Por Guillermo Piro |
Para ese entonces, el director del suplemento Tuttolibri, del diario La Stampa, de Turín, el escritor Nico Orengo (extrañamente nunca se publicó en español un libro suyo que se había traducido a instancias de Osvaldo Soriano, de quien Orengo era muy amigo: Las rosas de Evita; está traducido, solo hay que publicarlo), me pidió que con la excusa de la salida del libro entrevistara a Bioy, con quien yo había tenido, digamos, un trato diario durante la organización de la primera Bienal de Arte Joven, en 1989, de la que Bioy Casares fue jurado en el rubro novela.
Pero era imposible que se acordara de mí. Leí el libro, llamé por teléfono, hablé con una mujer y concerté una cita en su departamento de
la calle Posadas, un viernes de agosto (creo) a las 7 de la tarde. Como soy puntual, a las 7 de la tarde estaba tocando el timbre, y pocos minutos después estaba en un gran salón, dotado de una nutrida biblioteca,
esperando. Quien me abrió la puerta me dijo que iba a tener que esperar un poco, porque a Bioy le estaban haciendo una entrevista de la televisión española. La espera fue larga, ni siquiera suavizada con
un café o un vaso de agua: pura soledad y aburrimiento. Dos horas después, la puerta de la habitación de Bioy se abrió y por ella salieron dos sujetos gordos –todos los operadores de cámara
tienen sobrepeso–, y luego de un breve lapso –durante el que suponía que Bioy se estaba “poniendo cómodo”, como corresponde a cualquier sujeto de 84 años que acaba de hacer frente
a una larga entrevista televisiva– la puerta volvió a abrirse y se me invitó a pasar.
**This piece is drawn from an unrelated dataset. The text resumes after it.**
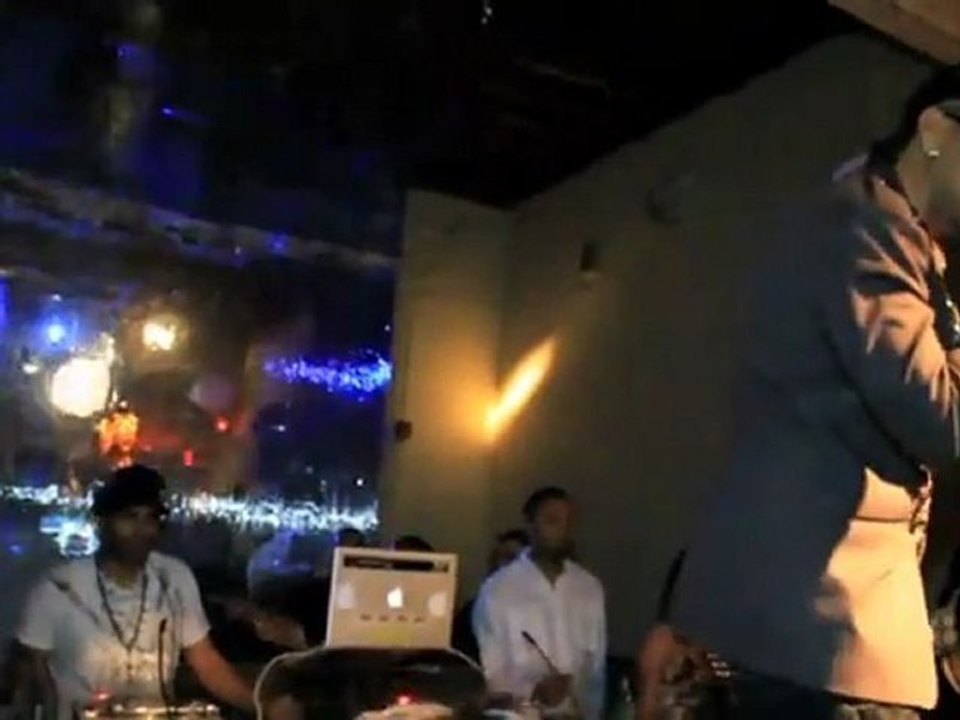 Zouk Kizomba 2010 Si Deus Quizer Passada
El espectáculo era bastante triste y desolador: Bioy, en pijama, estaba sentado detrás de un escritorio. Detalle encantador: llevaba gorro de dormir, algo que yo únicamente había visto en las películas de Los Tres Chiflados. Se lo veía agotado, más que agotado, exhausto, exangüe... Más que exangüe, consumido: derrengado. Tenía las manos entre las
piernas y la cabeza ladeada, como alguien que ni siquiera tiene la fuerza necesaria para mantenerla erguida. Así que le propuse lo que cualquiera en mi lugar le hubiera propuesto: posponer la entrevista. Pero la cosa
era más complicada: al día siguiente él tenía que viajar a Biarritz y su vuelta estaba programada para un mes después, con lo cual los tiempos se desbarataban: había que hacerla en
ese momento.
Entonces –cualquiera en mi lugar hubiese hecho lo mismo– abrí mi corazón delator y dije: “Bioy, lo último que quisiera es ofenderlo: podría escribir no digo una, sino tres entrevistas a usted, todas diferentes, sin necesidad de hacerle ninguna pregunta”. Entonces Bioy se puso de pie, con dificultad, y acercándose a mí abrió los brazos y me dijo: “Deme un abrazo, mi amigo...”, no con el tono habitual en que debía dirigirse a los peones de su estancia en Pardo, que era el tono con que Bioy se comunicaba
habitualmente, sino como alguien que se dirige a un ser humano: agradecido. Fue la entrevista más corta que hice en mi vida. En ella Bioy hablaba de todo lo que se cansó de repetir una y otra vez en otras entrevistas,
e incluso sostuvo en un momento su lapicera entre los dedos, diciendo: “Esta es mi máquina de escribir”. Nico Orengo quedó muy conforme.